Almost all registered companies in the UK are required to prepare annual accounts for Companies House and HMRC every year. The purpose of these accounts is to report the financial activity of the company and, subsequently, work out how much Corporation Tax it has to pay to HMRC.
Directors are legally responsible for making sure annual accounts are completed accurately and submitted by the statutory filing deadline. Copies must also be given to the company’s shareholders or guarantors (members).
Different types of limited company accounts
All companies, with the exception of ‘small’ companies, micro-entities, and dormant companies, must deliver full annual accounts, or ‘statutory accounts’, to Companies House and HMRC. These accounts consist of:
- a profit and loss account
- a balance sheet
- notes about the accounts
- a directors’ report
- an auditors’ report (unless the company qualifies for exemption)
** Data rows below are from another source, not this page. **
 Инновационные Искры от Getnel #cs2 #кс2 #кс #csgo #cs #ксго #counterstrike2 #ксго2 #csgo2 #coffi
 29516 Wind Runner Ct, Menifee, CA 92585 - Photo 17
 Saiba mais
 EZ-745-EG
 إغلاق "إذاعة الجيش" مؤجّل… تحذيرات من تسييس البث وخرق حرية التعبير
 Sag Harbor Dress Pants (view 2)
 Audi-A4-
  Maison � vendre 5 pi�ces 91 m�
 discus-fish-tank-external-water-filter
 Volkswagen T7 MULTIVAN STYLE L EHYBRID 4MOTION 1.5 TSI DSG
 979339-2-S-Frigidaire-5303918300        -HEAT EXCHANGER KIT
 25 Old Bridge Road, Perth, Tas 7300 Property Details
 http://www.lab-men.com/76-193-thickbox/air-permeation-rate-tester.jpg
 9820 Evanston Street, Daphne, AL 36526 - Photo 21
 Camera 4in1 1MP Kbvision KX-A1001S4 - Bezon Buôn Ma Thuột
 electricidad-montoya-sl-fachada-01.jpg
- name and signature of company director
Small company accounts
Small companies can file abridged (simple) annual accounts at Companies House, which simply consist of a balance sheet and notes about the accounts.
To qualify as small, your company must meet two of the following conditions:
- annual turnover below £10.2m
- a balance sheet total less than £5.1m
- fewer than 50 employees
Small company accounts are exempt from audit, so there is no requirement to include an auditors’ report. However, statutory accounts must still be provided to members and prepared for HMRC as part of the Company Tax Return.
Very small companies can prepare micro-entity accounts, which have even fewer requirements than small company accounts. To qualify as a micro-entity, your company must meet two of the following conditions:
- annual turnover below £632,000
- a balance sheet total less than £316,000
- fewer than 10 employees
Micro entities must still send statutory accounts to company members and to HMRC as part of their Company Tax Return.
Dormant company accounts
Dormant companies only need to prepare dormant accounts. These are made up of a balance sheet and notes about the accounts. They don’t have to send anything to HMRC, but they must tell HMRC that the company is dormant for Corporation Tax purposes.
How and when to deliver annual accounts to Companies House and HMRC
Your first annual accounts must be delivered to Companies House within 21 months of incorporation. These will usually cover a period of just over 12 months, starting on the date of incorporation and ending on the accounting reference date (ARD). The ARD is normally the anniversary of the last day of the month of company formation.
After the first year, accounts for Companies House will normally cover a 12-month period and should be delivered no later than 9 months after the ARD.
You can send annual accounts to Companies House via WebFiling or 1st Formations free Online Company Manager.
Full annual accounts for HMRC must be included with each Company Tax Return and filed online no later than 12 months after the end of each Corporation Tax accounting period.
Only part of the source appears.